October 27, 1991: Happy Birthday, Ana Rosa

Ana Rosa and her mother

How Ana Rosa Ridriguez wound up as front-page news, and featured on Phil Donohue, began on October 25, 1991 when Rosa Rodriguez, 20 years old, went to National Abortion Federation member Abu Hayat's Avenue A abortion practice on New York's lower East Side.

A single mother with a 2-year-old daughter, Rosa had found Hayat's practice, Women's Medical Clinic, by reading his ad in a Spanish-language newspaper, El Diario.

Hayat charged $1,500 for the procedure, for which Rosa produced $1,000 cash and her passport, green card, and her watch as collateral for the remaining $500. 

On this first visit, Hayat sedated Rosa, inserted laminaria to dilate her cervix, and gave her some sort of abdominal injection. When she awoke he sent her home, instructing her to return the following day.

Rosa returned as instructed at about 9 a.m., but she expressed misgivings about proceeding with the abortion, since she had felt fetal movement. She said that she had changed her mind. Hayat told her that it was too late to stop the abortion. Rosa said that two assistants held her down and clamped her feet into the stirrups while Hayat again sedated her. When she awoke, he told her that he had changed the laminaria, and again instructed her to return the following day. Hayat gave Rosa specific instructions that if she had any problems, she was to call his facility and no one else.
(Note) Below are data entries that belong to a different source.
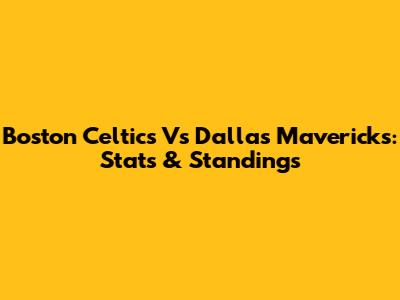 Boston Celtics Vs Dallas Mavericks: Stats & Standings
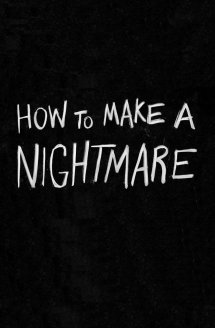 How to Make a Nightmare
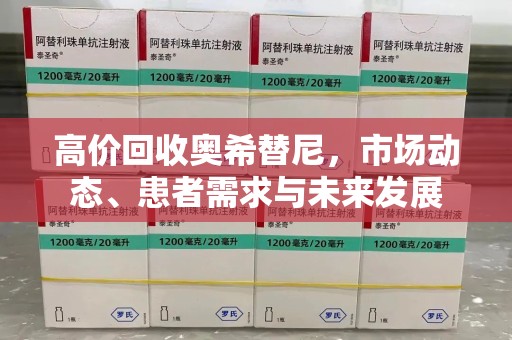 天津高价回收奥希替尼，市场动态、患者需求与未来发展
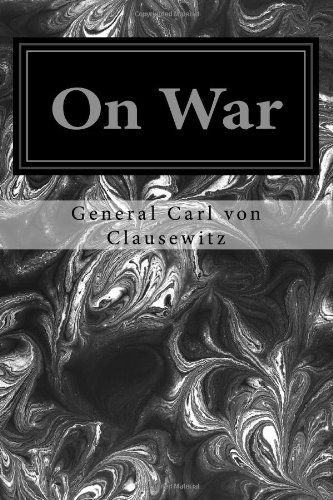 Cover for General Carl Von Clausewitz · On War (Paperback Book) (2014)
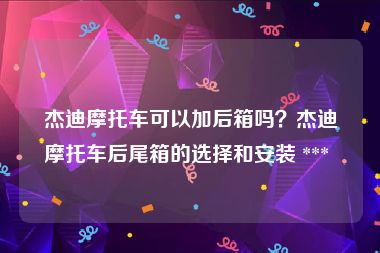 杰迪摩托车可以加后箱吗？杰迪摩托车后尾箱的选择和安装 *** 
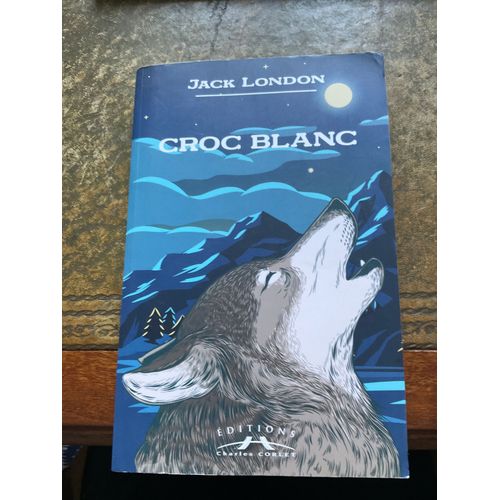 Croc Blanc Par Jack London 287 Pages Paru Le 24 Août 2018 Chez Charles Corlet Eds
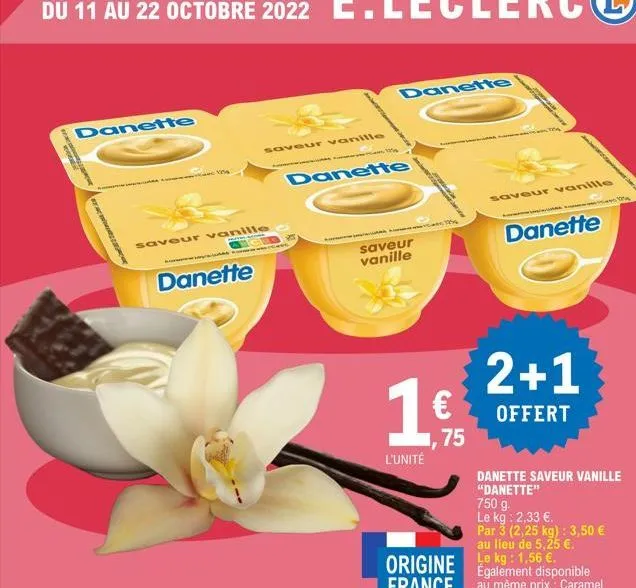 danette  saveur vanille  saveur vanille  danette  15  danette  danette  saveur vanille  1€  75  l'unité  saveur vanille  danette  2+1  offert 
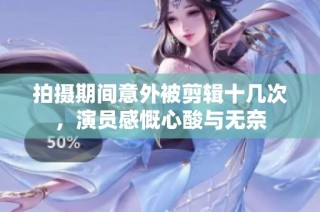 拍摄期间意外被剪辑十几次，演员感慨心酸与无奈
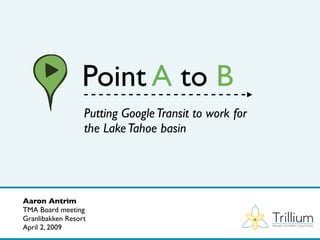 Point A to B
                  Putting Google Transit to work for
                  the Lake Tahoe basin




Aaron Antrim
TMA Board meeting
                                                       Trillium
Granlibakken Resort
April 2, 2009                                          TRANSIT INTERNET SOLUTIONS
 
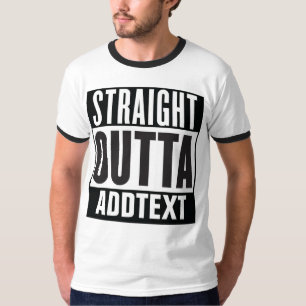 Straight Outta add your text T-Shirt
That night, Rosa was in pain, so she called as instructed. Hayat's assistant, who took the call, paged Hayat and then told Rosa that this was normal, that Hayat had said she "wasn't ready" for "further treatment".

Rosa called again when the pain would not abate. After several hours, she finally told her mother about the abortion. A family friend called an ambulance to take Rosa to Jamaica Hospital in Queens. There, at about 8 a.m. on October 27, Rosa gave birth to a 3 lb. 1 oz. baby girl of approximately 32 weeks of gestation. The little girl was healthy except for a traumatically amputated right arm. Doctors at the hospital performed a D&C, an abdominal X-ray, and an ultrasound on the young mother, trying to find the baby's arm. Evidently Hayat had removed it in the abortion attempt and disposed of it.
Nobody asks,
"What happened to
Baby Ana?"


 Somehow the story got out, and all hell broke loose.

The medical board took action, faulting Hayat with lack of informed consent,  failure to perform a complete examination,  having inadequate facility and staff, having medical records that were "not credible and are incomplete", and for performing an illegal third-trimester abortion. They revoked his license.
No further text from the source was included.